# AWS Analytics Reference Architecture
The AWS Analytics Reference Architecture is a set of analytics solutions put together as end-to-end examples.
It regroups AWS best practices for designing, implementing, and operating analytics platforms through different purpose-built patterns, handling common requirements, and solving customers' challenges.
This project is composed of:
* Reusable core components exposed in an AWS CDK (Cloud Development Kit) library currently available in [Typescript](https://www.npmjs.com/package/aws-analytics-reference-architecture) and [Python](https://pypi.org/project/aws-analytics-reference-architecture/). This library contains [AWS CDK constructs](https://constructs.dev/packages/aws-analytics-reference-architecture/?lang=python) that can be used to quickly provision analytics solutions in demos, prototypes, proof of concepts and end-to-end reference architectures.

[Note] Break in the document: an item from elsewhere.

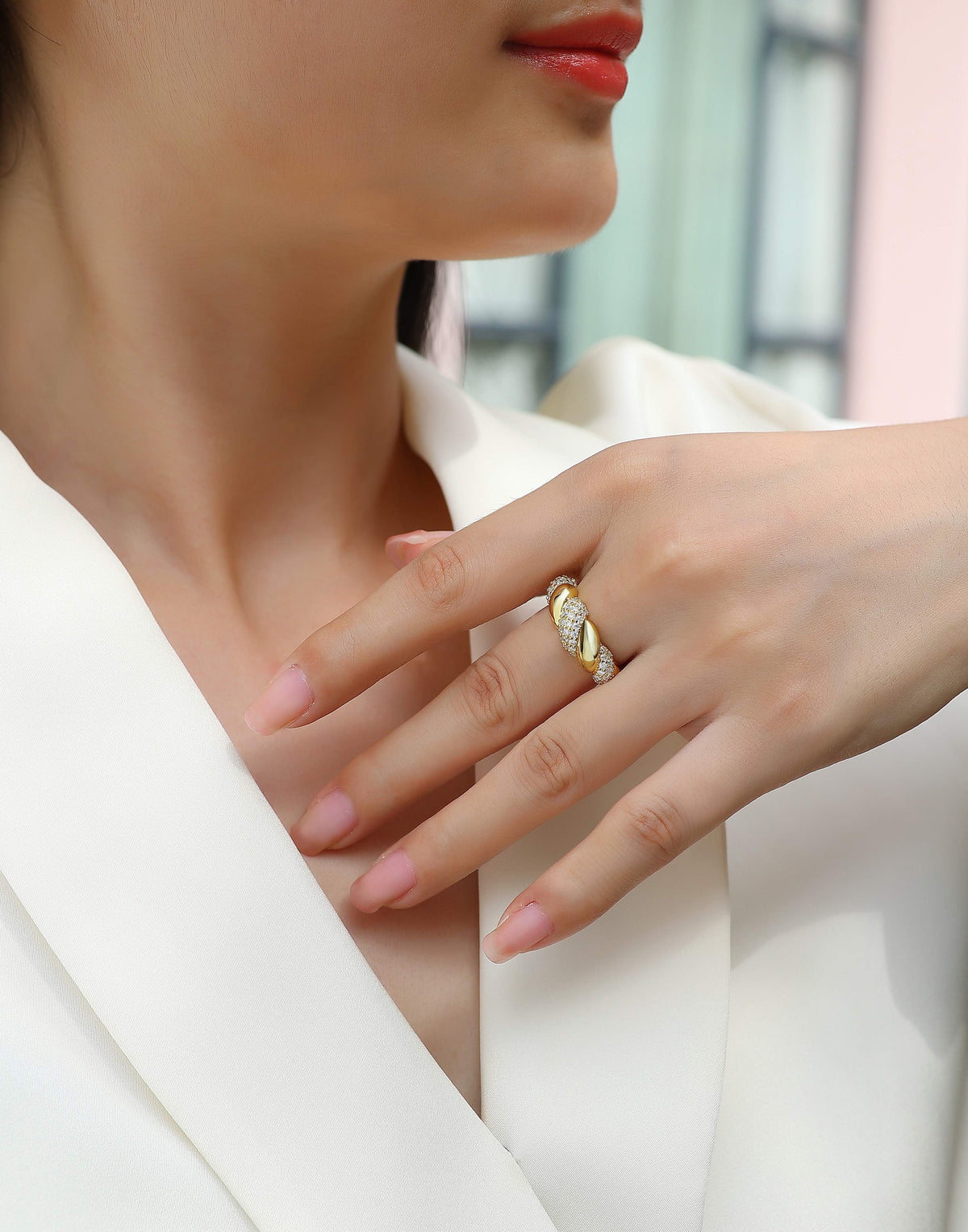 Elegant gold ring with sparkling stones on woman's hand, minimalist luxury jewelry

* Reference architectures consumming the reusable components to demonstrate end-to-end examples in a business context. Currently, the [AWS native reference architecture](https://aws-samples.github.io/aws-analytics-reference-architecture/) is available.
This documentation explains how to get started with the core components of the AWS Analytics Reference Architecture.
## Getting started
* [AWS Analytics Reference Architecture](#aws-analytics-reference-architecture)

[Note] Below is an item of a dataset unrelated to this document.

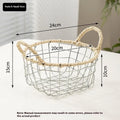 Nordic iron wire woven storage basket in binaural woven style, small size, containing fruit on a kitchen countertop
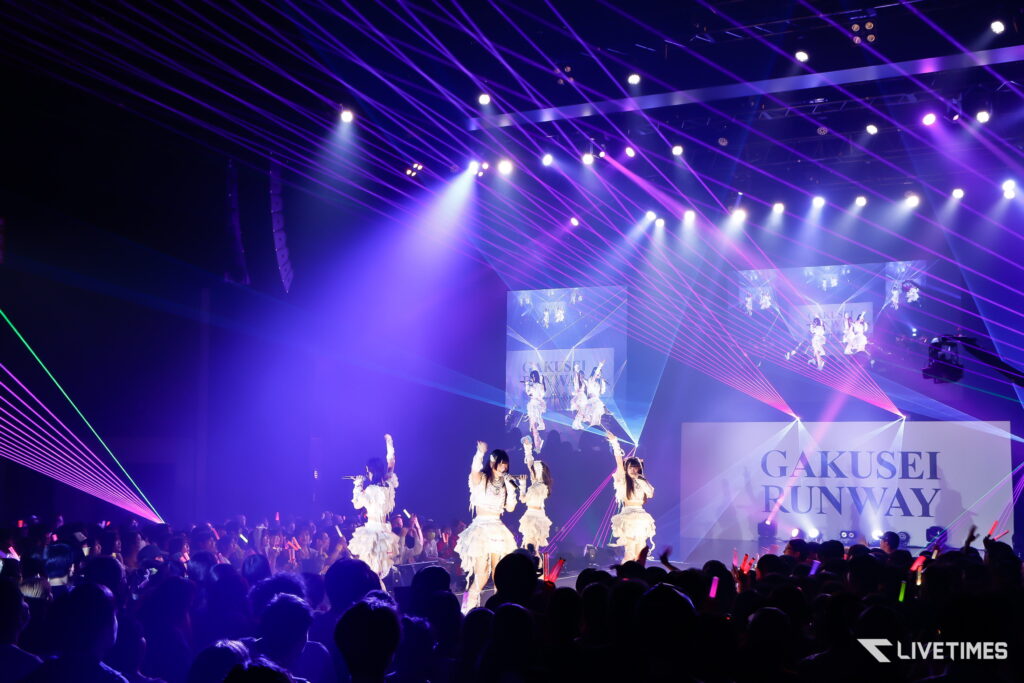 Stage concert with purple laser beams and dancers in white outfits performing on a lit, multi-screen backdrop while the cheering crowd waves glow sticks.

* [Getting started](#getting-started)
* [Prerequisites](#prerequisites)
* [Initialization (in Python)](#initialization-in-python)
* [Development](#development)
* [Deployment](#deployment)
* [Cleanup](#cleanup)
* [API Reference](#api-reference)
* [Contributing](#contributing)
* [License Summary](#license-summary)
### Prerequisites
1. [Create an AWS account](https://aws.amazon.com/premiumsupport/knowledge-center/create-and-activate-aws-account/)
2. The core components can be deployed in any AWS region
3. Install the following components with the specified version on the machine from which the deployment will be executed:
1. Python [3.8-3.9.2] or Typescript
2. AWS CDK v2: Please refer to the [Getting started](https://docs.aws.amazon.com/cdk/v2/guide/getting_started.html) guide.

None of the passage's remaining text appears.